Les élections de 1977 donnent la victoire à l’Union du centre démocratique (UCD). En 1978, l’adoption d’une Constitution démocratique, approuvée par référendum, instaure une monarchie parlementaire, garantit les libertés fondamentales et reconnaît l’autonomie régionale pour la Catalogne, le Pays basque et la Galice.
La transition reste fragile. La crise économique liée au choc pétrolier entraîne chômage et inflation, alimentant les tensions sociales. La violence politique (attentats de l’ETA, extrême droite) accentue les incertitudes. En février 1981, un coup d’État militaire échoue grâce au discours télévisé de Juan Carlos, qui apparaît en uniforme et défend fermement la légalité démocratique. Ce geste renforce la légitimité de la monarchie parlementaire. L’élection du socialiste Felipe González en 1982 achève de consolider la transition.
À retenir
La transition espagnole réussit grâce aux compromis politiques et à l’intégration du Parti communiste. La Constitution de 1978, approuvée par référendum, et l’alternance de 1982 stabilisent la démocratie.
Un mouvement de démocratisation en Europe du Sud
Ces deux transitions ne sont pas isolées. En Grèce, la dictature des colonels s’effondre en 1974 après la crise chypriote. Le retour de Konstantínos Karamanlís, l’adoption d’une Constitution en 1975 et le référendum de décembre 1974 établissant une République parlementaire ancrent le pays dans la démocratie. La Communauté économique européenne (CEE) conditionne explicitement l’adhésion à la stabilité démocratique, ce qui renforce l’ancrage géopolitique de la transition.
Ces trois pays rejoignent ensuite la Communauté européenne (Grèce en 1981, Portugal et Espagne en 1986). La perspective d’adhésion agit comme un moteur de démocratisation, car la Communauté exige le respect des libertés et de l’État de droit.
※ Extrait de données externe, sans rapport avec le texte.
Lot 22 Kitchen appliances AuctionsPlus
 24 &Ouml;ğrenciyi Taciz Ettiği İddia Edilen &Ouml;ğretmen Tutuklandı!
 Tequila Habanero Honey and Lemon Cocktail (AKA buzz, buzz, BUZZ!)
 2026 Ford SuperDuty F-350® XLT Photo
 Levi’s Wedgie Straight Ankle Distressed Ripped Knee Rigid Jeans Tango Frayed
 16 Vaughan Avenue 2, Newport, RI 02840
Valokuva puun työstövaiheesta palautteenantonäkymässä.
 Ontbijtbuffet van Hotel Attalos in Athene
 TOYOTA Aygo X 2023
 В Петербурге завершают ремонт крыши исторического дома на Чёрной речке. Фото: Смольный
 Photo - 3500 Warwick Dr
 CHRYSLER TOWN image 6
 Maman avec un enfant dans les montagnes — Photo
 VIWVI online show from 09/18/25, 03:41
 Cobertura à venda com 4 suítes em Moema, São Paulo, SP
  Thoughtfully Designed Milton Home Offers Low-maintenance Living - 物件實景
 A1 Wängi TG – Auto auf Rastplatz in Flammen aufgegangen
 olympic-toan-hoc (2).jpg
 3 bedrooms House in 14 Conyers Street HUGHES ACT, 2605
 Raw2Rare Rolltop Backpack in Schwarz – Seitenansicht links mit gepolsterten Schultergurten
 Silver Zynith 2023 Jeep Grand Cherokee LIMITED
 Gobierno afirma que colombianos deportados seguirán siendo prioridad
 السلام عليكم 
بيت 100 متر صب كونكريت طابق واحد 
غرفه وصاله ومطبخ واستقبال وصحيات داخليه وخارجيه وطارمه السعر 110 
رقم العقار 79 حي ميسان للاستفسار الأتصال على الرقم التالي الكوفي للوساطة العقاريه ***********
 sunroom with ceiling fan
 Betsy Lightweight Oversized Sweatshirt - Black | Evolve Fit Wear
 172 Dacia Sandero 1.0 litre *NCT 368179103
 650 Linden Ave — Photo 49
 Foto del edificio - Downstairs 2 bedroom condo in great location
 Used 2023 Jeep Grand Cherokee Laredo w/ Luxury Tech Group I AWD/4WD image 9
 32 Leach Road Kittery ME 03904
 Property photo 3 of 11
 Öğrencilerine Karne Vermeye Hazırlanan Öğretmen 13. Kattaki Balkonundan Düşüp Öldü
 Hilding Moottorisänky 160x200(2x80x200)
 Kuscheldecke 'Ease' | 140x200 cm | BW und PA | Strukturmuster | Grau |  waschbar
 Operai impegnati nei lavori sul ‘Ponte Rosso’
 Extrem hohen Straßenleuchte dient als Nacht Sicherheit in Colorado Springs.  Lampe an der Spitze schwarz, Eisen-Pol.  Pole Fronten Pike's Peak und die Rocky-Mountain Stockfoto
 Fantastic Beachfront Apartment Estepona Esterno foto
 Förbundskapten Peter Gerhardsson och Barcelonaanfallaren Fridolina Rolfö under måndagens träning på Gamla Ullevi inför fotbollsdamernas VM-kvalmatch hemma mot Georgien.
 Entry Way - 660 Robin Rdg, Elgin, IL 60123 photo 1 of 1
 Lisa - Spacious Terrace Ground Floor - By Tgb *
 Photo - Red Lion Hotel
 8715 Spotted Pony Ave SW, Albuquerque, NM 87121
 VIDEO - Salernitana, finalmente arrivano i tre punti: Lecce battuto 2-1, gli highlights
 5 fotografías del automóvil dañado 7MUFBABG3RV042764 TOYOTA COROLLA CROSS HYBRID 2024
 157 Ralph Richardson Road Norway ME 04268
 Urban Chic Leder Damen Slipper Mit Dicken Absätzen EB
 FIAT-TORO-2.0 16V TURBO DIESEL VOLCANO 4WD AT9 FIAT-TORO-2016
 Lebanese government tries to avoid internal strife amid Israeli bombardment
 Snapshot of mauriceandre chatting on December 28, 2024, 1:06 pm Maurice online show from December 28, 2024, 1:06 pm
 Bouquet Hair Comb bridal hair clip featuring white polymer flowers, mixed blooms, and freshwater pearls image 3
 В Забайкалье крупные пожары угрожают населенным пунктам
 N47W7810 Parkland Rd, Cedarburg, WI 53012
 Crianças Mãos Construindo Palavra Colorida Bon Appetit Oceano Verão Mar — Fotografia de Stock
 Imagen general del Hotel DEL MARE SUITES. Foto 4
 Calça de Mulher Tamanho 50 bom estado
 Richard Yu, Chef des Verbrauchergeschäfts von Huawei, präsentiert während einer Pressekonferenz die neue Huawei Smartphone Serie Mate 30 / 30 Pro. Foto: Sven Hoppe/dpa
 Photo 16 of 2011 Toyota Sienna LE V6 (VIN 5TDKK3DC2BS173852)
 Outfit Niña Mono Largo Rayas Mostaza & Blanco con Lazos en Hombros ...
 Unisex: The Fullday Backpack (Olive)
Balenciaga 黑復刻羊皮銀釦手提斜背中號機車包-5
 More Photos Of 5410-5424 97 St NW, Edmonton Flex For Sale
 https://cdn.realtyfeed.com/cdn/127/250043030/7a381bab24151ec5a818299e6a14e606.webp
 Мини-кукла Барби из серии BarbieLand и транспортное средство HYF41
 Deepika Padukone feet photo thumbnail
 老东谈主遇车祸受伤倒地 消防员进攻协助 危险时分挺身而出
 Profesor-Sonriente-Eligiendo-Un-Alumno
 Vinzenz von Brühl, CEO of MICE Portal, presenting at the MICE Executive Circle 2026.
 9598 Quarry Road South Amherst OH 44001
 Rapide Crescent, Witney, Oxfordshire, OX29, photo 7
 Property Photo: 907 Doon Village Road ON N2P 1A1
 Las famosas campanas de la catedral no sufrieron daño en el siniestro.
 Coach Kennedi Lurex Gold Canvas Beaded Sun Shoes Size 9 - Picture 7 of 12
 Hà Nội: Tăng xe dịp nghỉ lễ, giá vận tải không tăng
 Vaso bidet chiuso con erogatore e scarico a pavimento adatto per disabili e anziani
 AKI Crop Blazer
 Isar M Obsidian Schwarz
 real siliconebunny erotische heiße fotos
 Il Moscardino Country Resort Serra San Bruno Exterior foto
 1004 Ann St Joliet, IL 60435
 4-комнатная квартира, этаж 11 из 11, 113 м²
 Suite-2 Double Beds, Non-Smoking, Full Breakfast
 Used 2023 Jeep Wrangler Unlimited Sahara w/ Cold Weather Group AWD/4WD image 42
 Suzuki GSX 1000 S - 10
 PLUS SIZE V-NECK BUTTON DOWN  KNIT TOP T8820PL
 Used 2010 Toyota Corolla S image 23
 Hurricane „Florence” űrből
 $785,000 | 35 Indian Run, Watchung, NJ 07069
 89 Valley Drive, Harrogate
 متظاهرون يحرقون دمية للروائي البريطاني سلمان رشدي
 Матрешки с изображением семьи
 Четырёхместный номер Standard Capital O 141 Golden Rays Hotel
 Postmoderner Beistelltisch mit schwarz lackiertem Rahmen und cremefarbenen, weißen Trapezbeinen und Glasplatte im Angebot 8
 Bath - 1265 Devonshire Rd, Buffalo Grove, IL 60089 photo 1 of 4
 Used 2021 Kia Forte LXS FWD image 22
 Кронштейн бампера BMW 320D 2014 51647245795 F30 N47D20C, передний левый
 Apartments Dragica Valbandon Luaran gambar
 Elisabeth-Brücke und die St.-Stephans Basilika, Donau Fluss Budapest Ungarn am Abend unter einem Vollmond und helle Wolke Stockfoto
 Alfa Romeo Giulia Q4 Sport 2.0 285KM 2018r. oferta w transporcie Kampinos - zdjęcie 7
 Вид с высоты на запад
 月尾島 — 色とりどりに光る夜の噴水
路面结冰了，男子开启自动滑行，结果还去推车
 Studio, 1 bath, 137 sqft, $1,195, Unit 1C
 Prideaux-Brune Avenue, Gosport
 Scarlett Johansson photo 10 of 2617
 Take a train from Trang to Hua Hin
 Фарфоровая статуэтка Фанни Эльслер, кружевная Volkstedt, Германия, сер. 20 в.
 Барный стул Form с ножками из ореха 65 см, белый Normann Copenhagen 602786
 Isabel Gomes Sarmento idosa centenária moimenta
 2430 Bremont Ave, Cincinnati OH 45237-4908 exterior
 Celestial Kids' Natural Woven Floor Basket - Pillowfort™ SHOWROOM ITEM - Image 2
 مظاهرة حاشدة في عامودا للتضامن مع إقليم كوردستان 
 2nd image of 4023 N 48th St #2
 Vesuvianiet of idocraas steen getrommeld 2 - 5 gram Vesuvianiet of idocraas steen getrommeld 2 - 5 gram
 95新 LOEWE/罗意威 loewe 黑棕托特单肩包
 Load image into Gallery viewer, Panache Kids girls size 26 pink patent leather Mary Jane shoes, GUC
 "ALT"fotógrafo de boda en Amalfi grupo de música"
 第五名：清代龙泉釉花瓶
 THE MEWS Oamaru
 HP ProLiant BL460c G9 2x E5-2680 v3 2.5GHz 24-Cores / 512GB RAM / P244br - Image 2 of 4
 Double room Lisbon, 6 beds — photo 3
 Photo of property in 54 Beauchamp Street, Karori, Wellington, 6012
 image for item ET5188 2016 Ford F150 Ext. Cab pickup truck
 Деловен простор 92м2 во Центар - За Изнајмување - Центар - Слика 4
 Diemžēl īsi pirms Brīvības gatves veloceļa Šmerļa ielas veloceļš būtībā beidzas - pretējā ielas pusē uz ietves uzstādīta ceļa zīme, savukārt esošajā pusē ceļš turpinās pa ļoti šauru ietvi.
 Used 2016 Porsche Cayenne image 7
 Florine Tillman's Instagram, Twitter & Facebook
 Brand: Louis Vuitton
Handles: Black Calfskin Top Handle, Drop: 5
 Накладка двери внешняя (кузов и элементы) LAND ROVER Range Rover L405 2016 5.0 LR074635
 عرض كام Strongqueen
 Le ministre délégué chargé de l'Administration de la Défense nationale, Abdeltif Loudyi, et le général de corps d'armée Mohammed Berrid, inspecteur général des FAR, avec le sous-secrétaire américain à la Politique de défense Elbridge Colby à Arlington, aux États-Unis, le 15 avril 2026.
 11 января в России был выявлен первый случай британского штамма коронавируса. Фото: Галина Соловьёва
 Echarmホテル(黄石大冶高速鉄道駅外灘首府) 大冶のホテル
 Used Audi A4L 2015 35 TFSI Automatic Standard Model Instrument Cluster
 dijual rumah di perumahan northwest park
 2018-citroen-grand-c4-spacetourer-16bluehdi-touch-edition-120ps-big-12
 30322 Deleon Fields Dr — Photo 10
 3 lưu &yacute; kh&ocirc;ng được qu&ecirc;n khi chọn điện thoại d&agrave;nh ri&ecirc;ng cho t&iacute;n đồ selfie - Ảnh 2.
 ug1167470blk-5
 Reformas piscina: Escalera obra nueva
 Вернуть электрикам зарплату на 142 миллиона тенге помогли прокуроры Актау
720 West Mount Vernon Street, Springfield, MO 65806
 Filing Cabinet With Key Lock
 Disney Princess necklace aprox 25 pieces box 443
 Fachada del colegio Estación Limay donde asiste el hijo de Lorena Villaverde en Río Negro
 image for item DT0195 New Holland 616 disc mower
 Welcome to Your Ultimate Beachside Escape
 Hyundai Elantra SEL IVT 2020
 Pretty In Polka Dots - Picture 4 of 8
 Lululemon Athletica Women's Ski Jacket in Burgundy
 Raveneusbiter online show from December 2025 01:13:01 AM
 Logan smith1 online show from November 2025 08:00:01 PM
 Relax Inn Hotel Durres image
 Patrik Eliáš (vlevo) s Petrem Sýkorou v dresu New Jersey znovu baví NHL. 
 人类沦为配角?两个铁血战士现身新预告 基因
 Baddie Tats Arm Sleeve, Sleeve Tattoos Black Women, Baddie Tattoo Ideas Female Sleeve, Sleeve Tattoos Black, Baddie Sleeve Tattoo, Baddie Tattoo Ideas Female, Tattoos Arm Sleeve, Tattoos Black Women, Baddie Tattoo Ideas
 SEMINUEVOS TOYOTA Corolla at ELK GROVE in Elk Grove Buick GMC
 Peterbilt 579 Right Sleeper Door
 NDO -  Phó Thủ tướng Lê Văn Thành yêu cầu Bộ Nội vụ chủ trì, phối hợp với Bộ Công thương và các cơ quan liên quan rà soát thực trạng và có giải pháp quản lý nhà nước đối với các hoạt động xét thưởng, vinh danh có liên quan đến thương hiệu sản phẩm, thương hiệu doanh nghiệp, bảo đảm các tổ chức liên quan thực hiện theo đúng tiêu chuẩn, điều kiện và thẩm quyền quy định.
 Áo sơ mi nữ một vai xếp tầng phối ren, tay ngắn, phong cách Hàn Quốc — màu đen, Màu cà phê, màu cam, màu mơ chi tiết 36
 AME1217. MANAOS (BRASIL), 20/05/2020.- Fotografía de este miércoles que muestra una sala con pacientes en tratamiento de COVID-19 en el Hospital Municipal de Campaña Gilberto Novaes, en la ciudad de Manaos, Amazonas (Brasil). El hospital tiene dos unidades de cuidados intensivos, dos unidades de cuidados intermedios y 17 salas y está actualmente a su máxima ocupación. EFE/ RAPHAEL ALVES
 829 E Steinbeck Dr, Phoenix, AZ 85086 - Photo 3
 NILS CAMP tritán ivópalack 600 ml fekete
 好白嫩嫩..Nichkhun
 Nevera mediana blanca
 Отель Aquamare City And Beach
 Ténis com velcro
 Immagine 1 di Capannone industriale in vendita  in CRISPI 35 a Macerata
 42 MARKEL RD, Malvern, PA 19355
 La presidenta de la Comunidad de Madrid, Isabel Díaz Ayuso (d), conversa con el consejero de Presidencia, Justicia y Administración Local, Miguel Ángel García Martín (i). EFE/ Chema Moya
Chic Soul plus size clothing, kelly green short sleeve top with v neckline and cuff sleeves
Ces transitions illustrent ce que le politologue Samuel Huntington appelle les « vagues de démocratisation ». Depuis le XIXᵉ siècle, il identifie plusieurs périodes où un grand nombre de pays basculent vers la démocratie. La troisième vague (années 1970-1990) inclut l’Europe du Sud, mais aussi l’Amérique latine (Argentine, Brésil, Chili) et l’Europe de l’Est après la chute du mur de Berlin.
À retenir
Le Portugal, l’Espagne et la Grèce rejoignent la troisième vague de démocratisation. Leur intégration européenne renforce la solidité de leurs institutions et leur stabilité politique.
Conclusion
Entre 1974 et 1982, le Portugal et l’Espagne passent d’une dictature autoritaire à une démocratie stable. Au Portugal, la Révolution des Œillets, le rôle du PCP et les ambiguïtés de la Constitution de 1976 précèdent la consolidation durable avec la victoire du PSD en 1985 et l’ancrage du bipartisme PS/PSD.
En Espagne, la mort de Franco, les compromis politiques (y compris du Parti communiste) et le rôle décisif du roi Juan Carlos en 1981 permettent l’adoption de la Constitution de 1978, approuvée par référendum, et l’alternance de 1982. Aux côtés de la Grèce, qui choisit la République parlementaire et conditionne son adhésion à la CEE à la stabilité démocratique, ces expériences illustrent la démocratisation de l’Europe du Sud et s’inscrivent dans la troisième vague mondiale de transitions démocratiques de la fin du XXe siècle.